--- Exercise aim ---
Pictures aside, quote the whole listing exactly.

----

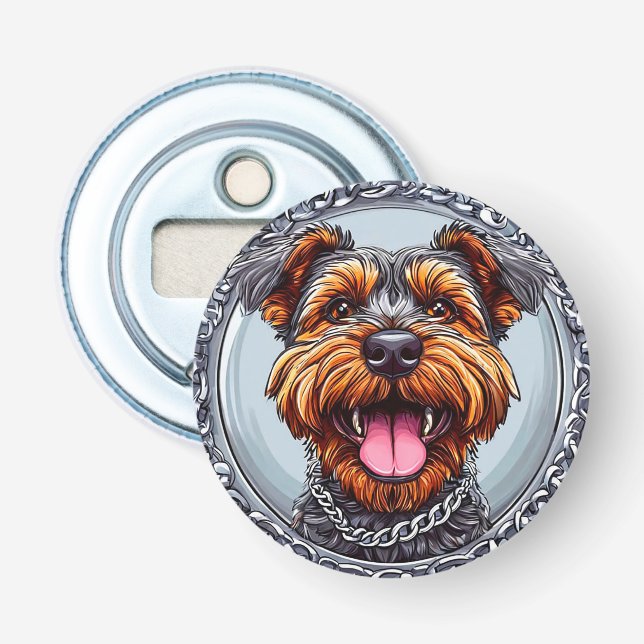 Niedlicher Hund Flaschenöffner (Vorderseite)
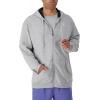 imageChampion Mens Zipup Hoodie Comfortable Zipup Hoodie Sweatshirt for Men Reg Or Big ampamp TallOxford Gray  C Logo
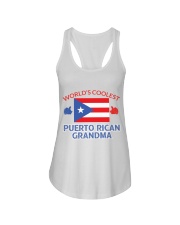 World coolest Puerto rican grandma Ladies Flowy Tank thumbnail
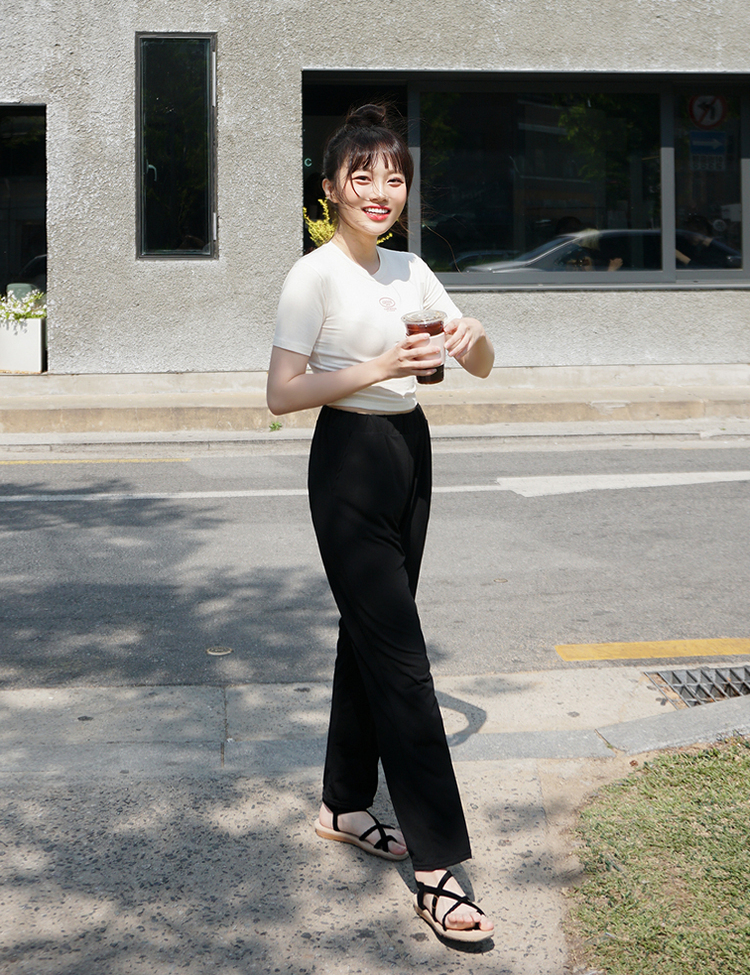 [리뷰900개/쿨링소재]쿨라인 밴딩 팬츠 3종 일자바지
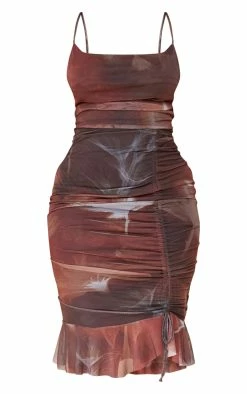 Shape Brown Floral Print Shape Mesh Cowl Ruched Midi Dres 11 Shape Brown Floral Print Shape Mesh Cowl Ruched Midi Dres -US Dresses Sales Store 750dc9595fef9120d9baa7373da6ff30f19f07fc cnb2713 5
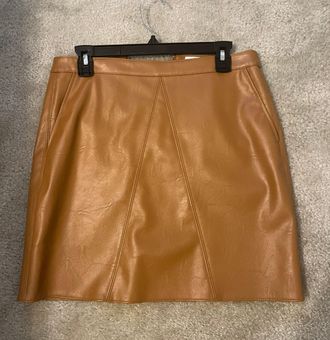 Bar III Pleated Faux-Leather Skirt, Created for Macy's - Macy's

----

--- Written reply ---
 Niedlicher Hund Flaschenöffner (Vorderseite)
 imageChampion Mens Zipup Hoodie Comfortable Zipup Hoodie Sweatshirt for Men Reg Or Big ampamp TallOxford Gray  C Logo
 World coolest Puerto rican grandma Ladies Flowy Tank thumbnail
 [리뷰900개/쿨링소재]쿨라인 밴딩 팬츠 3종 일자바지
 Shape Brown Floral Print Shape Mesh Cowl Ruched Midi Dres 11 Shape Brown Floral Print Shape Mesh Cowl Ruched Midi Dres -US Dresses Sales Store 750dc9595fef9120d9baa7373da6ff30f19f07fc cnb2713 5
 Bar III Pleated Faux-Leather Skirt, Created for Macy's - Macy's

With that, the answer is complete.